EXERCISE INSTRUCTIONS: Transcribe the following entries word for word. End with the line where "Nike Sportswear Club+" appears.

[Data excerpts]

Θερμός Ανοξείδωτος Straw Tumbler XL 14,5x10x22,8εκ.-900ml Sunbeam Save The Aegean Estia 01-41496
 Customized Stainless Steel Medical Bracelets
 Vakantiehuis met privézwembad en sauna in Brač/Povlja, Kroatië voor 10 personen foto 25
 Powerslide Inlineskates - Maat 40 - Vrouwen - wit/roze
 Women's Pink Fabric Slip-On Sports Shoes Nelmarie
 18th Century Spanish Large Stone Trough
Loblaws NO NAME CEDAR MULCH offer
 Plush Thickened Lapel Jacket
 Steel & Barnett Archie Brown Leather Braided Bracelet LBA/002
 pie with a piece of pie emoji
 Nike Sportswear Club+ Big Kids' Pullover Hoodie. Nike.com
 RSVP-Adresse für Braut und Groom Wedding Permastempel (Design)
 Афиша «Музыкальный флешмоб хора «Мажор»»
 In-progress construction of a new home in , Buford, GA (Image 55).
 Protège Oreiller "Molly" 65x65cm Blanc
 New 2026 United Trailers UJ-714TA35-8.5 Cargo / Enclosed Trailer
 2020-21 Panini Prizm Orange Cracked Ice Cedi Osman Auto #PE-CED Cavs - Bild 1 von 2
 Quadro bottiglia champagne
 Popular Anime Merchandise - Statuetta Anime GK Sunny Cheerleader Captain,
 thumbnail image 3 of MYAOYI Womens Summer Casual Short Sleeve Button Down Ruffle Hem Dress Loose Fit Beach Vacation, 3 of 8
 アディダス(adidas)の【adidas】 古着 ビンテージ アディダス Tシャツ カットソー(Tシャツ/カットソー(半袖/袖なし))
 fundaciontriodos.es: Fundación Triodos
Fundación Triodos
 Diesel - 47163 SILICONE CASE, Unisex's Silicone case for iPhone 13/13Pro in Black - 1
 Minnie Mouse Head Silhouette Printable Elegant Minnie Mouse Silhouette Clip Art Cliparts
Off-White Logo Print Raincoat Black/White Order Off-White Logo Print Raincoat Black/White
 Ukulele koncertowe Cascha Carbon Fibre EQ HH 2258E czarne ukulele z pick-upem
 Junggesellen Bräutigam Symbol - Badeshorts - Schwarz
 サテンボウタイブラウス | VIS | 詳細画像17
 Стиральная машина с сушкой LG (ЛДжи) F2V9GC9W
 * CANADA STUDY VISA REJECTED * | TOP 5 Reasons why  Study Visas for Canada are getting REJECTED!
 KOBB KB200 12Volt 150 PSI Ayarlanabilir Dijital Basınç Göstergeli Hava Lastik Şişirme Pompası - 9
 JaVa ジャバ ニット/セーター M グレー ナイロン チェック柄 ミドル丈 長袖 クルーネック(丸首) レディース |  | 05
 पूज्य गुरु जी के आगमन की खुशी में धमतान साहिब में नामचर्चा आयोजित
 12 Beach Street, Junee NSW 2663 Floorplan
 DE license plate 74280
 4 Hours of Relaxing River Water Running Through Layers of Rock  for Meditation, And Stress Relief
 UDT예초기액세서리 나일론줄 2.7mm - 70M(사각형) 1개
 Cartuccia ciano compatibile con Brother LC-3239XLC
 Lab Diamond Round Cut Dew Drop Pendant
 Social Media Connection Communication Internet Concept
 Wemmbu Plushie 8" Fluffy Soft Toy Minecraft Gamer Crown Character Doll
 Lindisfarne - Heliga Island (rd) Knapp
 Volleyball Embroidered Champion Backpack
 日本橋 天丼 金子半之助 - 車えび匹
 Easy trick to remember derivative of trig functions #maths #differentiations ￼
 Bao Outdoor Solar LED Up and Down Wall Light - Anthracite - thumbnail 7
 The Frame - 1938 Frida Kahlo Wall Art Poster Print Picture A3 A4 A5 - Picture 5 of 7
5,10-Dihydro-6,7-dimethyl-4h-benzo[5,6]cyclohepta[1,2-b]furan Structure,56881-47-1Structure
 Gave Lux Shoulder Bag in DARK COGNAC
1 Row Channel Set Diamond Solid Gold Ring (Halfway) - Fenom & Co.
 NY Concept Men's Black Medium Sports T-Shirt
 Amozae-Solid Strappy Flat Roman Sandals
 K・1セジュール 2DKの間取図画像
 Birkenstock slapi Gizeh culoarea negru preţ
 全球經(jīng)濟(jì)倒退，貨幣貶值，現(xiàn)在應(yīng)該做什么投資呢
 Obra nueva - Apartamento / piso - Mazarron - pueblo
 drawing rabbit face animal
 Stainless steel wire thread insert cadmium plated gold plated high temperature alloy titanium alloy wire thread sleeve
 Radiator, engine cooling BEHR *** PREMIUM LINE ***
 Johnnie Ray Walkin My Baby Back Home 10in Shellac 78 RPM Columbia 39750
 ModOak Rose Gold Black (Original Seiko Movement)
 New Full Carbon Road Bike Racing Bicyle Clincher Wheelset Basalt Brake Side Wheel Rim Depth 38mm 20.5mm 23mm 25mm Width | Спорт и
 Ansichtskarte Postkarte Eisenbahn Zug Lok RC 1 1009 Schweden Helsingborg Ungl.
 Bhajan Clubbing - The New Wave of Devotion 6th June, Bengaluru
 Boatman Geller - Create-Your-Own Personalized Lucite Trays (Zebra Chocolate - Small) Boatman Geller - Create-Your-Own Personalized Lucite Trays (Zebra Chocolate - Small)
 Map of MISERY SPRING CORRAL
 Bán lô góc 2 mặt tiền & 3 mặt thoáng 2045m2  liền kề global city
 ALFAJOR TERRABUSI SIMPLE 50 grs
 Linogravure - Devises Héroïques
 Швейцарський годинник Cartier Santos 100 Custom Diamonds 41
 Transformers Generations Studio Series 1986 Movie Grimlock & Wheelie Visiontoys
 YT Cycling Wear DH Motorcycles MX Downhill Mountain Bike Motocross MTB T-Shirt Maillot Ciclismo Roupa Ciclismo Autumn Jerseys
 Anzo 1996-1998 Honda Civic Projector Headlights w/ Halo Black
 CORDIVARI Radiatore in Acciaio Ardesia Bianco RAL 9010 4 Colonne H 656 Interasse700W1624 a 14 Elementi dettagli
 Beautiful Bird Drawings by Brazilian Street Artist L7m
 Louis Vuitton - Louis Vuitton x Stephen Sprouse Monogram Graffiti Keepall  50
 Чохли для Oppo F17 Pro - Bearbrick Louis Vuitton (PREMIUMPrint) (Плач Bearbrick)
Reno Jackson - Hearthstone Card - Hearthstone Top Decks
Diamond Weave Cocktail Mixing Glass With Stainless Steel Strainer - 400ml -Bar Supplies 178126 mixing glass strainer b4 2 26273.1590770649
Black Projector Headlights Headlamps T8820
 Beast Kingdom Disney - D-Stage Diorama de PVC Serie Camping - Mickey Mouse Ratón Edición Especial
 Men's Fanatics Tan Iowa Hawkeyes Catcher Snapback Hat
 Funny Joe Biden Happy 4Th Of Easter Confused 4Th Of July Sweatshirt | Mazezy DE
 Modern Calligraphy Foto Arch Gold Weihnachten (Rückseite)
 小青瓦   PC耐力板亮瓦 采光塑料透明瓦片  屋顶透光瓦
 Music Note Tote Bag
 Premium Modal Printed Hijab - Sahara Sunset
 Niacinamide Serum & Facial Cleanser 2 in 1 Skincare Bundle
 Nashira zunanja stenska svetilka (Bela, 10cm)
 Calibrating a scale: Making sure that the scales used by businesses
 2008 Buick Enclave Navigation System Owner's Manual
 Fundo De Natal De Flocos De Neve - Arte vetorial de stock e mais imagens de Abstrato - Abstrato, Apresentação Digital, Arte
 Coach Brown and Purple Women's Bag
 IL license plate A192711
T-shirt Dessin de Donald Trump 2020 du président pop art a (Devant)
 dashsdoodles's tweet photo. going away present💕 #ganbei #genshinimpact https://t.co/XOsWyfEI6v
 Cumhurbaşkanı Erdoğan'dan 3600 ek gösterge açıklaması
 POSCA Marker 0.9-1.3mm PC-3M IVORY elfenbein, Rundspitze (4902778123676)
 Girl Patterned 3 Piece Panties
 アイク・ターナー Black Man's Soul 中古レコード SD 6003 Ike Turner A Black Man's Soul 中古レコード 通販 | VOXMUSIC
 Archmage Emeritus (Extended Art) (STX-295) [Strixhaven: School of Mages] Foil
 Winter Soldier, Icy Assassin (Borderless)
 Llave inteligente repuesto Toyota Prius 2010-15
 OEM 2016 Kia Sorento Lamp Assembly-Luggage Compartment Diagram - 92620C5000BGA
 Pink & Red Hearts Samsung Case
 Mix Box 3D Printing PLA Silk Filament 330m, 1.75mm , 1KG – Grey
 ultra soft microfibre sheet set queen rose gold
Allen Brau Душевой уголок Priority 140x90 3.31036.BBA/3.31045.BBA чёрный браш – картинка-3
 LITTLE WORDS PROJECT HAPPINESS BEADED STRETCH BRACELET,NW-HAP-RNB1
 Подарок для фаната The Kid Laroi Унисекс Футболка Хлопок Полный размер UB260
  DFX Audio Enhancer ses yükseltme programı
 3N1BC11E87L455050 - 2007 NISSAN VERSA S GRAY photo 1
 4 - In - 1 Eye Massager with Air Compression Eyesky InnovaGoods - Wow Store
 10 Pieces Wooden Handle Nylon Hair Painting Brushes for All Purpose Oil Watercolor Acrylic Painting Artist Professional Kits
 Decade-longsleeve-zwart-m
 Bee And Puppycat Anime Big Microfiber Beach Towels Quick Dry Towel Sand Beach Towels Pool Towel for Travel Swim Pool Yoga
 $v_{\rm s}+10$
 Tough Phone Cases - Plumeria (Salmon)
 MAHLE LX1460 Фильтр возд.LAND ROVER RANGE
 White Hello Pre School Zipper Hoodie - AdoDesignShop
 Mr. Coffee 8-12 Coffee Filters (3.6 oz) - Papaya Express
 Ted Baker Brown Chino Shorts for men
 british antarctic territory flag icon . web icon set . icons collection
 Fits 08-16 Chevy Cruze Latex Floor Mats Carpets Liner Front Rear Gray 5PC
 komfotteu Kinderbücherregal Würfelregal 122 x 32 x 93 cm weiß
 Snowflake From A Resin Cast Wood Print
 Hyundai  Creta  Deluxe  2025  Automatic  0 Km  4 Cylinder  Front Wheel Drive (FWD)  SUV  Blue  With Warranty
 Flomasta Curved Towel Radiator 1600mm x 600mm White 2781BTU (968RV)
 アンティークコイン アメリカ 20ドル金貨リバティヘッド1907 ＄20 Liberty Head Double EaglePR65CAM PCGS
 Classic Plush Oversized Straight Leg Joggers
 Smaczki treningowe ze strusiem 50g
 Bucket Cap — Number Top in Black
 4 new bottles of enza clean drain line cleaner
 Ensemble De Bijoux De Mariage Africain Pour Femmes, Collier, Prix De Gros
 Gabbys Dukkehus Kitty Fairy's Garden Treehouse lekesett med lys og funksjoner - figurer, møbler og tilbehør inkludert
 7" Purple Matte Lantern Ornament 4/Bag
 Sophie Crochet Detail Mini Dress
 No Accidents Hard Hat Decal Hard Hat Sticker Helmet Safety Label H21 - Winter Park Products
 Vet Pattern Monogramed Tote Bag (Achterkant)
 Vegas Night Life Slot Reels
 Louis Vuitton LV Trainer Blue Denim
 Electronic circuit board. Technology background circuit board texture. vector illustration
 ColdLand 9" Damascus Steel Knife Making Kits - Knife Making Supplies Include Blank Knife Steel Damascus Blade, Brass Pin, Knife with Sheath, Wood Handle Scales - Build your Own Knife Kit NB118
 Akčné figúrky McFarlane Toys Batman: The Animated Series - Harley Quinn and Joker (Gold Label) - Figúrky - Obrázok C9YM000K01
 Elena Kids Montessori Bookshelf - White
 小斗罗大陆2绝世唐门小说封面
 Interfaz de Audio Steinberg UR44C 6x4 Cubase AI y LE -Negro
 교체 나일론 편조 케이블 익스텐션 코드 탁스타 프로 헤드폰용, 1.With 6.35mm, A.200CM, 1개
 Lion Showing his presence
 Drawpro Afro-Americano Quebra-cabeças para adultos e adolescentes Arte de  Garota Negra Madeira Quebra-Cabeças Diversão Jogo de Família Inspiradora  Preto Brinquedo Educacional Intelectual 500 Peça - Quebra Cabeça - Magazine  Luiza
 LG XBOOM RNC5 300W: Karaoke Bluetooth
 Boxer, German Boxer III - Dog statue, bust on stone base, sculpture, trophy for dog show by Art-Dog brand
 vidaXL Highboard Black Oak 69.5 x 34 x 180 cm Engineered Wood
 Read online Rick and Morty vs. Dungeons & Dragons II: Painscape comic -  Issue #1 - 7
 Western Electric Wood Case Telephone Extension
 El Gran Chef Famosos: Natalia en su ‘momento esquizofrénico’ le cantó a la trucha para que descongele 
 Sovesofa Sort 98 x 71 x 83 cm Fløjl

EXERCISE RESULT:
Θερμός Ανοξείδωτος Straw Tumbler XL 14,5x10x22,8εκ.-900ml Sunbeam Save The Aegean Estia 01-41496
 Customized Stainless Steel Medical Bracelets
 Vakantiehuis met privézwembad en sauna in Brač/Povlja, Kroatië voor 10 personen foto 25
 Powerslide Inlineskates - Maat 40 - Vrouwen - wit/roze
 Women's Pink Fabric Slip-On Sports Shoes Nelmarie
 18th Century Spanish Large Stone Trough
Loblaws NO NAME CEDAR MULCH offer
 Plush Thickened Lapel Jacket
 Steel & Barnett Archie Brown Leather Braided Bracelet LBA/002
 pie with a piece of pie emoji
 Nike Sportswear Club+ Big Kids' Pullover Hoodie. Nike.com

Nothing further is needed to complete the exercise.